Article about Netflix paper in law journal
David Molnar pointed me to an article in the Shidler Journal of Law that prominently cites the Netflix dataset de-anonymization paper. I’m very happy to see this; when we wrote our paper, we were hoping to see the legal community analyze the implications of our work for privacy laws. As the article notes:
Re-identification of anonymized data with individual consumers may expose companies to increased liability. If data is re-identified, this may be due to the failure of companies to take reasonable precautions to protect consumer data. In addition, companies may violate their own privacy policies by releasing anonymous information to third parties that can be easily re-identified with individual users.
New lines will need to be drawn defining what is acceptable data-release policy, and in a way that takes into account the actual re-identification risk instead of relying on syntactic crutches such as removing “personally identifiable” information. Perhaps there will need to be a constant process of evaluating and responding to continuing improvements in re-identification algorithms.

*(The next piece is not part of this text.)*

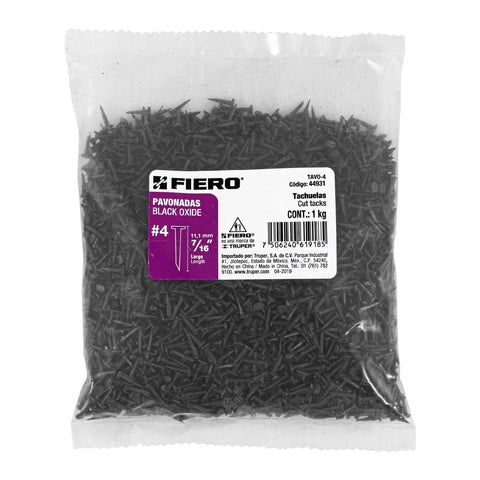 Bolsa con 1 kg de tachuelas pavonadas No. 4, FIERO | TAVO-4 | 44931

Perhaps the ability of third parties to discover information about an individual’s movie rankings is not too disturbing, as movie rankings are not generally considered to be sensitive information. But because these same techniques can lead to the re-identification of data, far greater privacy concerns are implicated.
Indeed, since we wrote our paper, there have been several high profile cases in the news or in the courts where our re-identification techniques can be used to cause much more sensitive privacy breaches, including the Google-Viacom lawsuit involving Youtube viewer logs and the targeted advertising companies Phorm and Nebuad. While the lessons of our paper have begun to propagate “downstream” to the realms of law, advocacy and policy, it has come too late to make a difference in the above examples.
Part of the reason why I started this blog is in the hope of accelerating this process by reaching out to people outside the computer science community. While our papers might be couched in technical language, the results of our research are general enough to be easily accessible to a broad audience, and I hope that this blog will become a central point for disseminating information more broadly.